Farming News - Gleadell wheat market report - hard to get bullish
News
Gleadell wheat market report - hard to get bullish
David Sheppard, Gleadell’s managing director, comments on the wheat market
We have seen another week of bearish news for US markets. Stable crop ratings, continued reports of above-average yields from a harvest that was 58% complete as of last weekend, together with weather patterns deemed favourable for both soy and corn crop development have kept pressure on prices.
The long US weekend was followed by strong commodity liquidation by long holders, pushing both wheat and corn to fresh contract lows.
MATIF also hit new contract lows earlier in the week as uncertainty over quality intensifies. Traders are trying to fathom whether that is bearish or bullish for MATIF wheat futures.
French crop estimates continue to decline as analysts started factoring in poorer yield prospects, leaving many asking how low will these estimates go?

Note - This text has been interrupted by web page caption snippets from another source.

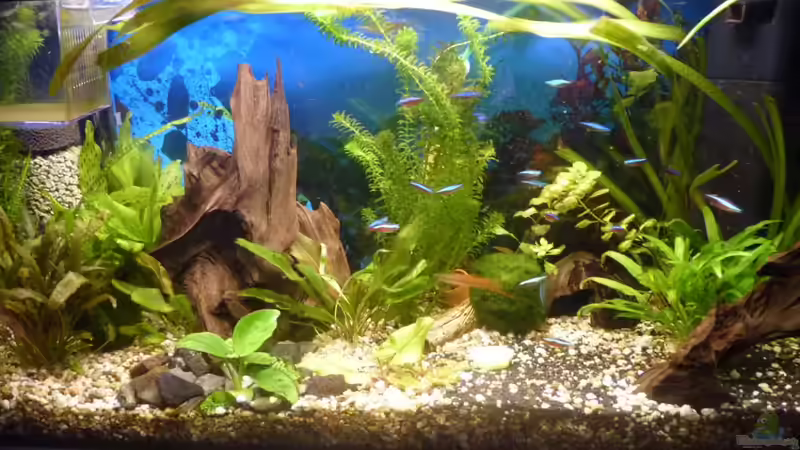 Aquarium ++Neu++ von 19maxi96 (8)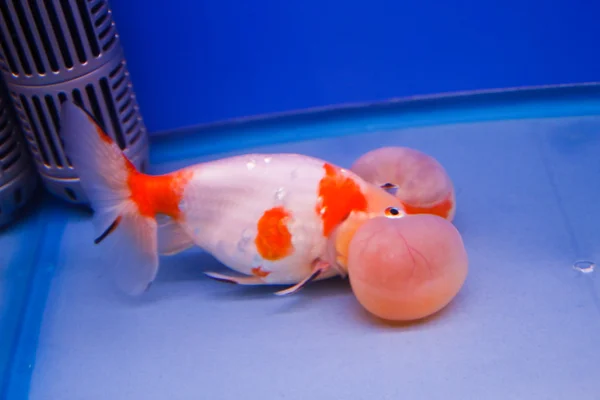 Goldfische im Aquarium. — Stockfoto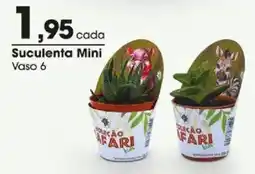 Zaffari Suculenta mini oferta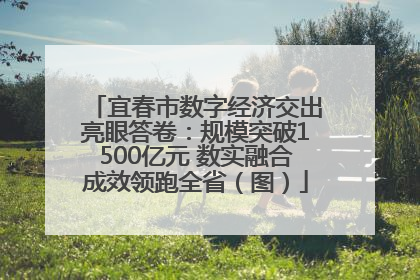宜春市数字经济交出亮眼答卷：规模突破1500亿元 数实融合成效领跑全省（图）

They now range from 37 to 38 mln t, which would represent a fall of 5-10% year-on-year.
As the French resign themselves to a reduced crop that is likely to contain more feed grain than usual, the Russian harvest has commenced with yields to date reported at 4.45t/ha, up 17% on last year. If that is maintained, output would exceed current estimates of 66-68mln t.

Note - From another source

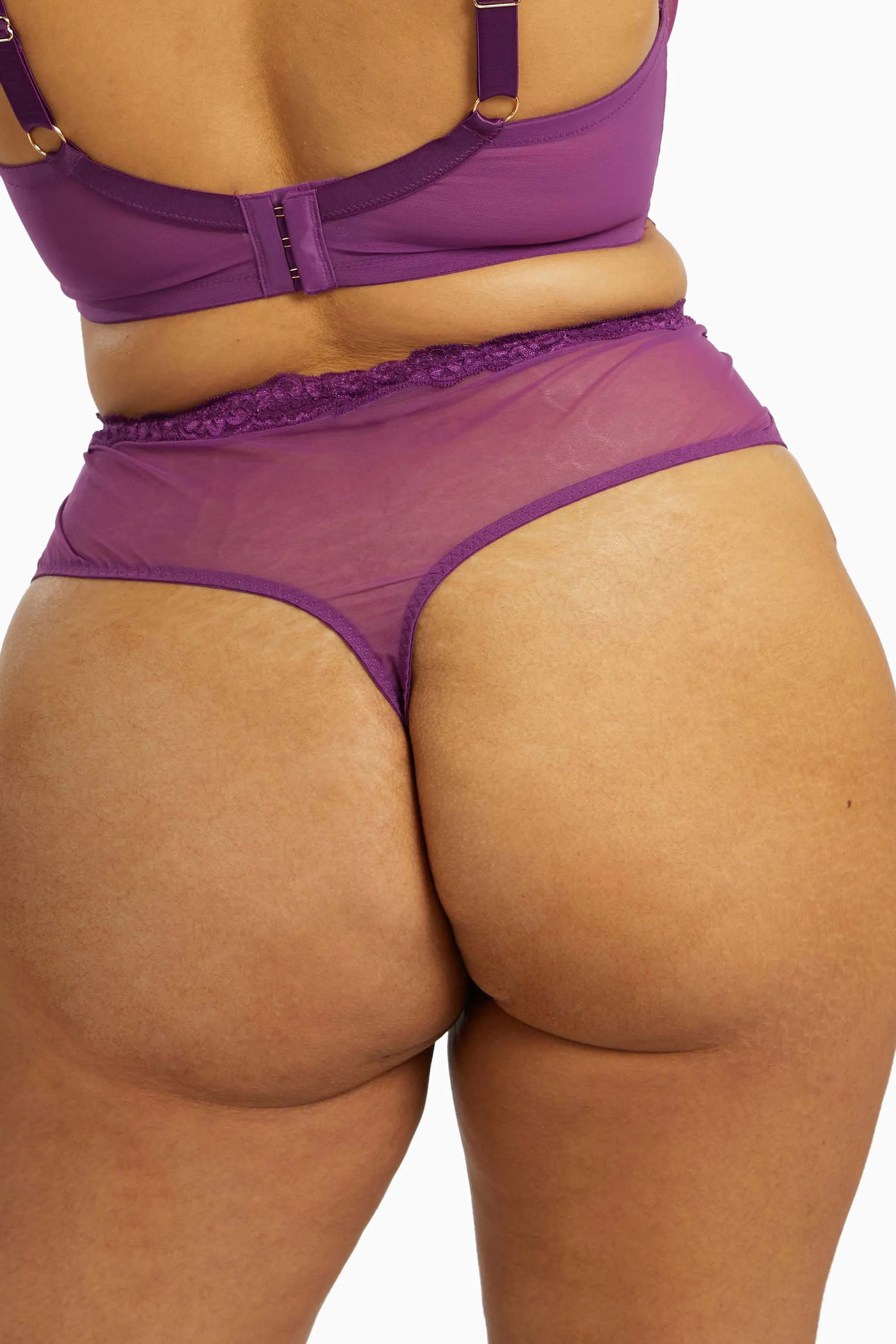 Gabi Fresh Aria Lace Panelled High Waist Brief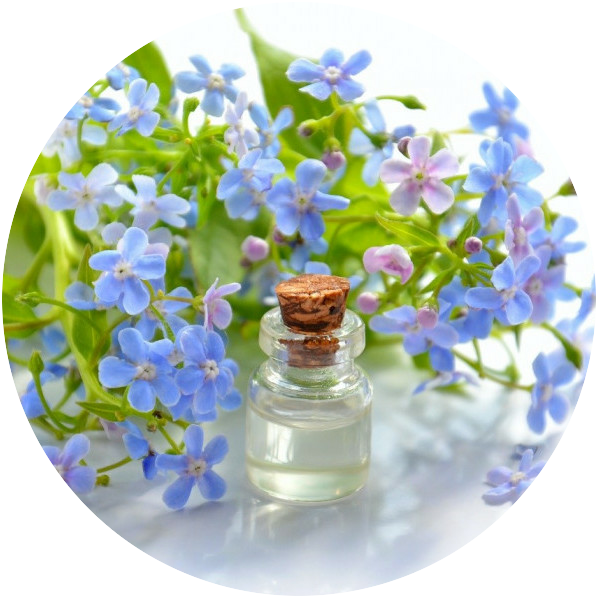 what are essential oils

The UK continues to experience the fall-out from the EU referendum as continued economic uncertainty hits investor confidence. Despite assurances by the Chancellor and the Bank of England, sterling slipped to its lowest level against the US dollar in over 30 years, with another weekly fall against the euro.
Although a weaker currency supports farm prices and cheapens UK exports, the plain fact is that global markets are moving lower at a fast pace.
As we have said many times in the past, markets don’t go down for ever but, currency apart, it is hard to get bullish in this market. However, UK production size and quality remain as very important variables still to be determined.